Brian Nichols, the U.S. Assistant Secretary of State for Western Hemisphere Affairs, declared that all options are under consideration, including the annulment of licenses allowing the export of Venezuelan oil and gas. 

“If they do not fulfill the agreed-upon steps, we will revoke the licenses we have issued,” Nichols stated during an interview at the Asia-Pacific Economic Cooperation forum in San Francisco with Bloomberg. 

Venezuela: The rise and fall of a petrostate | OilNOW

The key steps outlined in the agreement include establishing a process enabling all opposition candidates to participate in the 2024 presidential election. Notably, María Corina Machado, the victor of Venezuela’s October 22 primaries, remains barred from candidacy by Maduro’s administration. Machado is an overwhelming favorite among opposition candidates, but her quest for the presidency has been challenging, with Venezuela’s controller general, Elvis Amoroso banning her from public office in June due to her support for U.S. sanctions against Maduro’s regime, Reuters reported. Despite the ban, Machado continued her campaign and won the opposition primaries in October.

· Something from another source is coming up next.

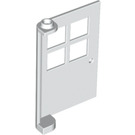 LEGO White Door 1 x 4 x 5 with 4 Panes with 2 Points on Pivot (3861)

However, Venezuela’s top court suspended the primary results and ratified bans on her and other opposition candidates, after Venezuela’s attorney general Tarek William Saab said his office was investigating the primary and members of its organizing commission for electoral violations, financial crimes and conspiracy.

While Maduro battles to retain his presential seat, he has also been stirring up aggression against Guyana in the border controversy. Venezuela has planned a referendum for December 3 that essentially seeks public support to annex Guyana’s Essequibo region – two-thirds of the country’s territory that Venezuela covets. 

Machado has criticized the referendum proposed by the government. She believes the referendum is non-binding, and would weaken Venezuela’s position under international law.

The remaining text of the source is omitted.